Following his arrest, Jose G. acknowledged to police he had told Lopez they may be acquainted, but Lopez "got smart" and "tried to slap him" so Jose G. "snatched the chain and walked away." Jose G. was not carrying a weapon when he was arrested.
Jose G. stipulated that he had waived his constitutional rights (Miranda v. Arizona (1966) 384 U.S. 436 [86 S.Ct. 1602, 16 L.Ed.2d 694]) before speaking to police.
After the Peoples presentation of evidence, Jose G. moved to dismiss the petition (Welf. & Inst. Code, § 701.1) on the ground there was no evidence he took the necklace by force or fear. The motion was denied.
Jose G. neither testified at the jurisdiction hearing nor presented any other evidence on his behalf.

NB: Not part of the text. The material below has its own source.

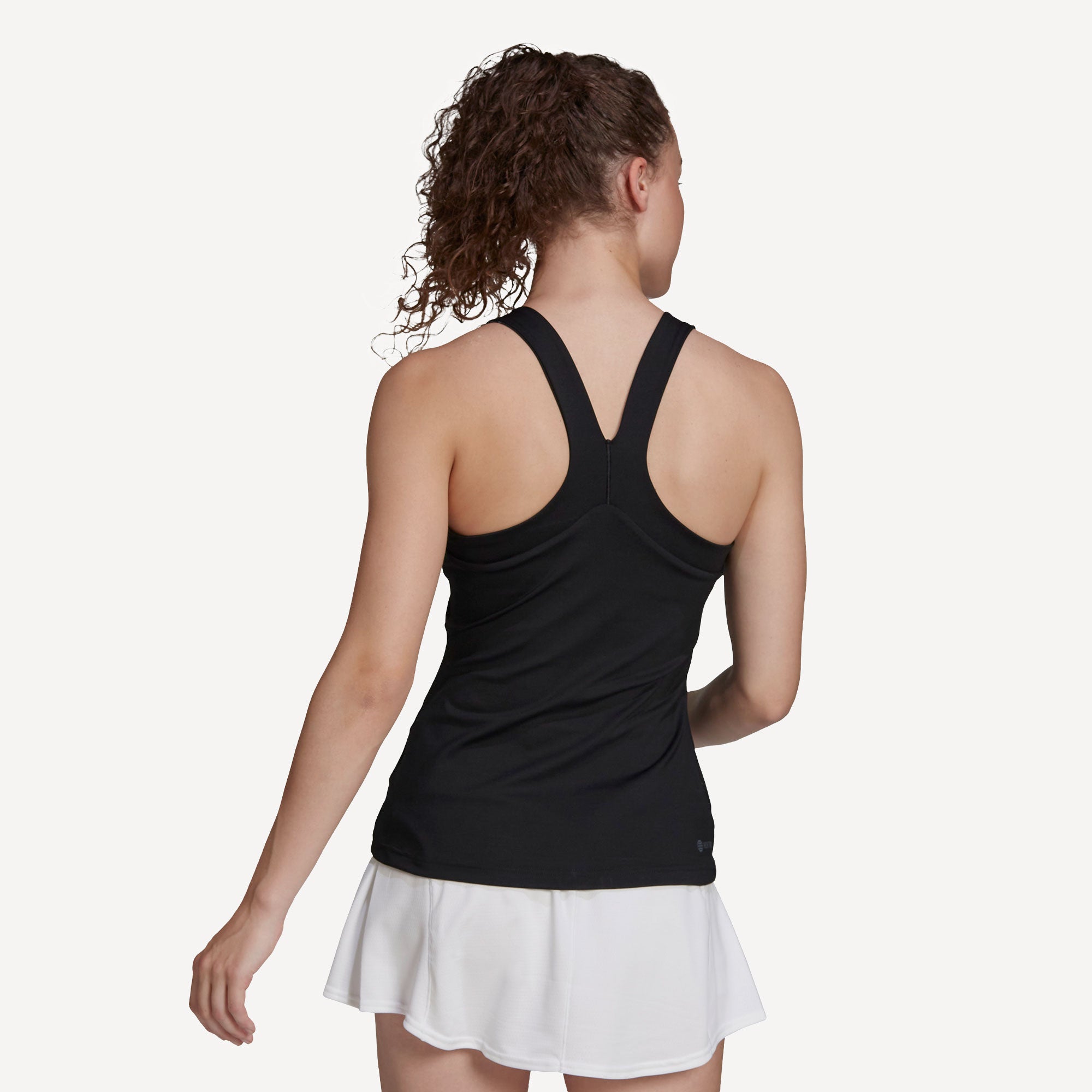 adidas Women's Y Tennis Tank Black (2)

The juvenile court sustained the allegation in the wardship petition, again rejecting Jose G.s argument there was no proof the necklace had been stolen by force or fear.
Disposition Hearing
Jose G. was ordered to remain a ward of the juvenile court and was placed in a six-month community camp program. The court calculated the maximum theoretical period of confinement as six years.
DISCUSSION
Jose G. contends there was insufficient evidence of force or fear to establish the crime was robbery rather than the necessarily included lesser offense of grand theft from the person. (Pen. Code, § 487, subd. (c).)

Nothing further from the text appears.